FAO classifica Montado de Serpa como património agrícola global

O Montado da Serra de Serpa foi oficialmente reconhecido como Sistema de Património Agrícola de Importância Global (Simag) pela Organização das Nações Unidas para a Alimentação e Agricultura (FAO), integrando agora a lista mundial que destaca paisagens agrícolas sustentáveis, resilientes e culturalmente significativas.

A candidatura foi promovida pela Associação Rota do Guadiana, em parceria com o Município de Serpa, o Gabinete de Planeamento, Políticas e Administração Geral (GPP) do Ministério da Agricultura e o Instituto Nacional de Investigação Agrária e Veterinária, contando ainda com “o envolvimento ativo de associações e entidades locais”.

Com este reconhecimento, o território “passa a integrar um grupo restrito de sistemas agrícolas vivos que combinam tradição, biodiversidade e inovação, servindo como modelo de desenvolvimento sustentável e valorização do mundo rural em contexto de mudanças climáticas e sociais”.

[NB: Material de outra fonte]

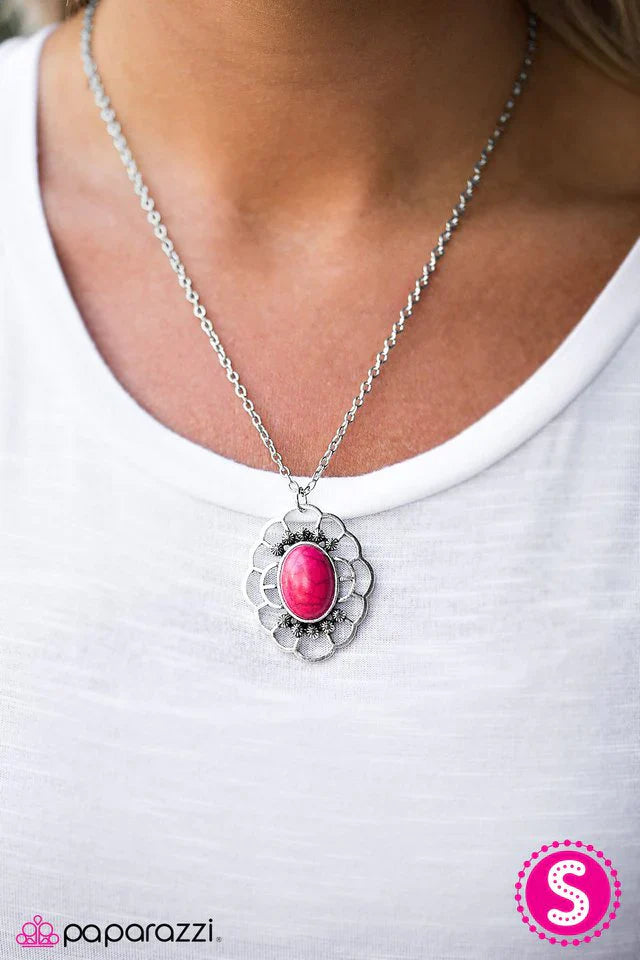 Paparazzi Necklace ~ Nashville Rhythm - Pink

De acordo com a FAO, o Montado da Serra de Serpa, “destaca-se como um dos mais antigos sistemas agrosilvopastoris da Europa”,  gerido “com notável consciência” ecológica. “Através do pastoreio extensivo e de baixa intensidade, da agricultura de sequeiro e da gestão florestal cuidadosa, as comunidades moldaram uma paisagem multifuncional que conserva a biodiversidade, sustenta as economias rurais e representa um modelo mediterrânico de resiliência climática e recuperação do solo”, acrescenta.

Uma informação detalhada publicada na página de internet da FAO assinala que este sistema integra sobreiros e azinheiras com cereais, leguminosas, pastagens, apicultura e criação extensiva de ovinos e caprinos, permitindo “gerar rendimento a partir da cortiça, carne, mel, ervas, cogumelos e turismo de natureza”. 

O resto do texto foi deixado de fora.